Exaggerated as that may be, the proposal would alter OSHA's basic charter for the first time by exempting from routine safety inspections all employers whose workplaces have good safety records, as measured by workers' compensation cases.

It would free roughly 90 percent of all job sites from regular inspections, according to Sen. Richard S. Schweiker (R-Pa.), chief sponsor of the measure, and thereby target OSHA enforcement efforts more directly on the most hazardous workplaces.

Critics, however, charge that it would relax pressure for voluntary compliance with OSHA's safety standards. They also say the bill might acquire more-crippling amendments as it goes through Congress.

Reasons for OSHA's anxiety over the proposal include the general anti-regulation climate in Congress, OSHA's early history of regulatory pettiness, and the fact that the bill has been co-sponsored by some liberals, including Sen. Harrison A. Williams (D-N.J.).

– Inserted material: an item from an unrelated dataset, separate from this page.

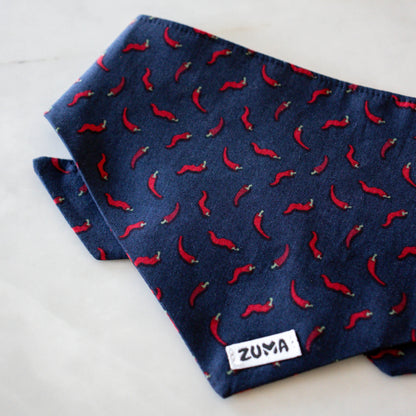 Hondenbandana Hot 'n Spicy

Williams was a chief sponsor of the 1970 legislation to create OSHA as the government's workplace watchdog agency. Now he is chairman of the Senate Labor and Human Resources Committee, which has headed off most past anti-OSHA moves.

Williams signed onto this year's bill in part to head off more extreme proposals, according to aides. "He saw the bill as retargeting OSHA without cutting the heart out of it," said an aide.

For a time, the Senate measure also had two other liberal Democratic co-sponsors, Majority Whip Alan Cranston (Calif.) and Gaylord Nelson (Wis.), both of whom are up for reelection this year. But Nelson backed off, and Cranston has said he opposes action on it until a better system is developed for measuring workplace safety.

The outcry from organized labor is credited not only with cooling Nelson's and Cranston's enthusiasm, but also with keeping other liberals from climbing aboard this particular curb-the-regulators bandwagon.

Labor's lobbying has been so intense that Schweiker was moved in a speech to business representatives to complain that "initial knee-jerk paranoia" has given way to a "concentrated holy war." He cited a United Electrical Workers union claim that the bill would "turn OSHA into a coroner's office" and a United Steelworkers of America appeal to "kill the Schweiker bill before it kills you."

Moreover, complained Schweiker, United Auto Workers locals in Pennsylvania circulated FBI-style "wanted" posters with his picture and address. This resulted in 120 people showing at his house when he was gone and "picketing" my 85-year-old father."

He also cried foul at a union allegation that he introduced the bill because of a recent OSHA citation against a tile company founded by his father. He said the citation came long after he began to work on the bill, and was directed at health problems, which are not covered by the measure.

All sides in the dispute, including OSHA and the unions, agree that the agency should concentrate on the most hazardous workplaces. OSHA points out that it is doing this already on its own, but says it needs the flexibility and deterrent effect of broad inspection authority -- "like an IRS audit or motor vehicle inspections," said Basil Whiting, deputy chief of OSHA. But Schweiker argues that OSHA isn't targeting enough on the most dangerous jobs, in effect suqandering two-thirds of its enforcement capability.

Last year, Schweiker and others succeeded in attaching a rider to an appropriations bill that exempts businesses with 10 or fewer employes from routine safety inspections for the 1980 fiscal year. But it did not affect OSHA's permanent legislation or impede inspections of larger workplaces. Health inspections and inspections prompted by injuries would not be curtailed by the proposed legislation, although a complaint of unsafe conditions could not be investigated before an employer was given a chance to correct the problem.